Ownership

What's worth owning is relative

The last thing I wrote argued that some assets are worth owning and most aren't. An audience. Trust. Distribution. The things that don't fall in price when building does.

That's true, but it's only half the picture, and the missing half is the more interesting one.

Worth isn't a property of the thing. It's a relationship between the thing and the person standing next to it.

The same asset is gold to one person and dead weight to another. A dormant newsletter with four thousand subscribers is a chore to the founder who's lost interest and a launchpad to the operator who has a product those four thousand people would buy. Nothing about the asset changed. The person next to it did.

This is the part of dealmaking nobody quite says out loud. You're not hunting for things that are valuable. You're hunting for things that are valuable to you and cheap to whoever's holding them. The gap between those two numbers is the entire game.

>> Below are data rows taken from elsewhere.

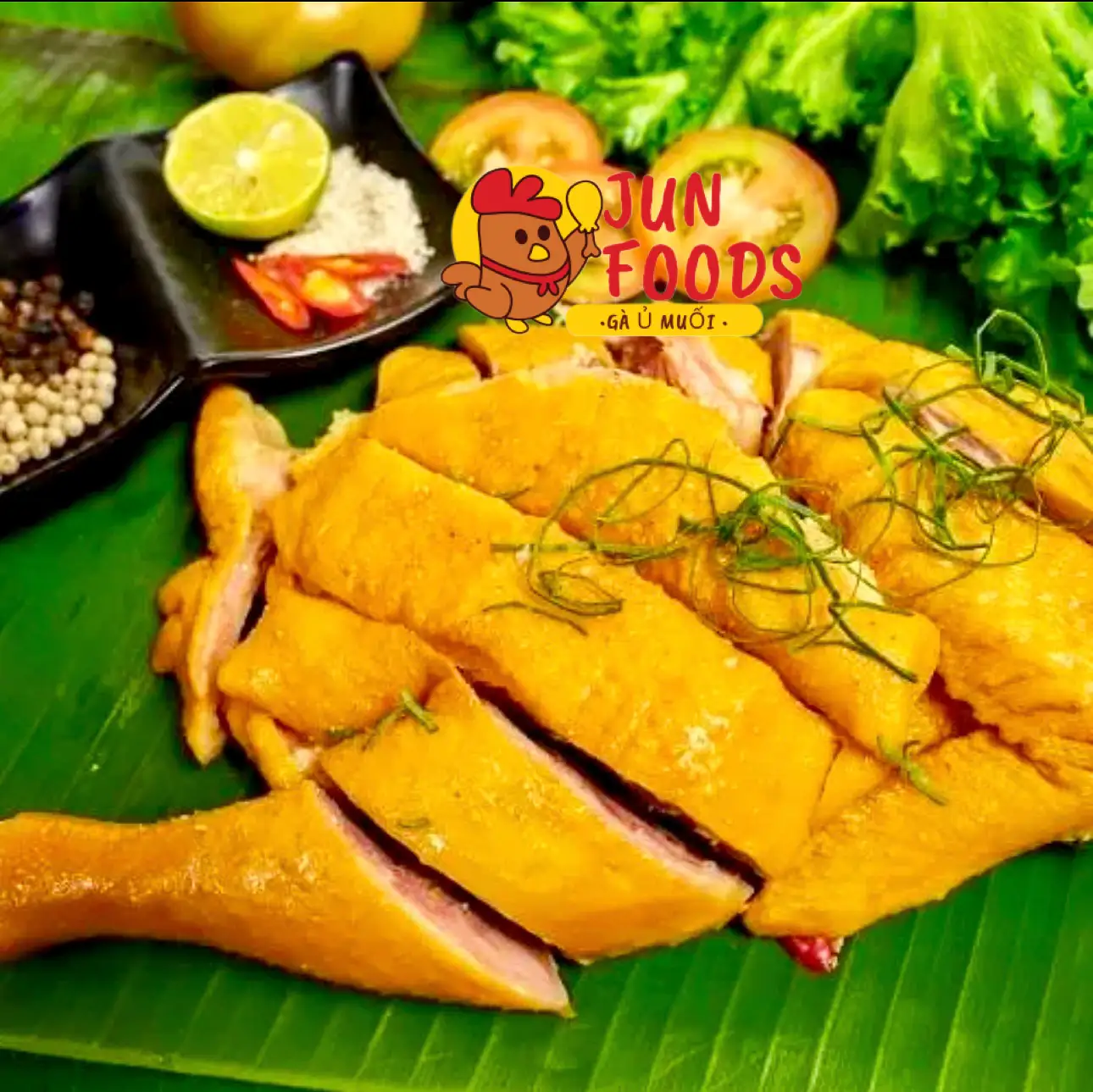 Gà Ủ Muối Hoa Tiêu - Nửa Con - 138.000 ₫ tại Jun Foods - Gà Ủ Muối Hoa Tiêu, Chân Gà & Ăn Vặt - Chu Văn An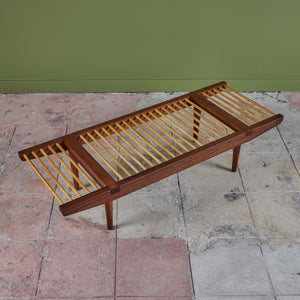 Milo Baughman Dowel Bench for Glenn of California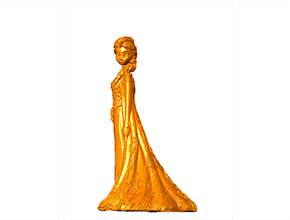 冰雪傳奇白雪公主人物擺件模型精雕圖_電腦數控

Which means the edge isn't capital, and it isn't even taste. It's recognition and speed. Seeing what something is worth in your hands before the seller does, and moving before the next person sees it too.

Let me make that concrete, because in the abstract it sounds like a platitude.

A micro-SaaS doing four hundred a month is going nowhere for its founder, who built it, got bored, and stopped marketing. To someone who already runs a product in the same niche, it isn't a four-hundred-a-month business. It's a customer list, a working integration, and a competitor removed – bolted onto distribution that already exists. Same numbers on the listing. Completely different worth.

A failed marketplace that never reached liquidity is worthless as a marketplace. But the seller spent two years building supply relationships, and to someone launching into that exact space, the supply side is the hard part they were dreading. They're not buying the marketplace. They're buying the year of relationship-building they'd otherwise have to do themselves.

A content site gutted by an algorithm change is a falling knife to most buyers. To someone who knows the niche is about to matter again, or who has an email strategy that doesn't depend on search at all, the traffic collapse is the discount, not the problem. The crowd sees a dying asset. They see mispriced inventory.

An expired domain is the cleanest version of this. Inert to almost everyone. Perfect to the one person building the thing it exactly names.

It scales up further than people think. A small team that's poured two years into a startup that never quite took off will often conclude there's nothing to sell. They never registered a company, or they did and it's dormant, and "exit" sounds like a word for other people with lawyers and term sheets. So they walk away and let it rot. But the thing they built – the code, the users, the integrations, the two years of hard-won understanding of a problem – is exactly what someone in an adjacent space would pay real money to skip ahead and own. The team couldn't see an asset because they were looking for a company. There wasn't a company. There was an asset the whole time, and it was worth most to someone who wasn't them.

In every case the asset sat there meaning one thing to its owner and something entirely different to the right buyer. The skill was never spotting value in the abstract. It was spotting the mismatch – and being quick enough to act on it before the mismatch closed.

That's why "what's worth owning" can't be a fixed list. The list shifts depending on what you already hold. If you've got distribution, you should be looking at every undistributed product as half-finished in your favour. If you understand a niche better than the market does, every asset the market has written off in that niche is a question worth asking. Your existing position is the lens that makes some things look like treasure and others like junk – and the same object can be both, to two different people, on the same Tuesday.

So the real work isn't building a portfolio of obviously good things. Obviously good things are expensive, because everyone can see them. The work is knowing your own position well enough to recognise what's underpriced from where you stand.

The opportunity is rarely the thing everyone agrees is valuable.

It's the thing only you can see is valuable to you.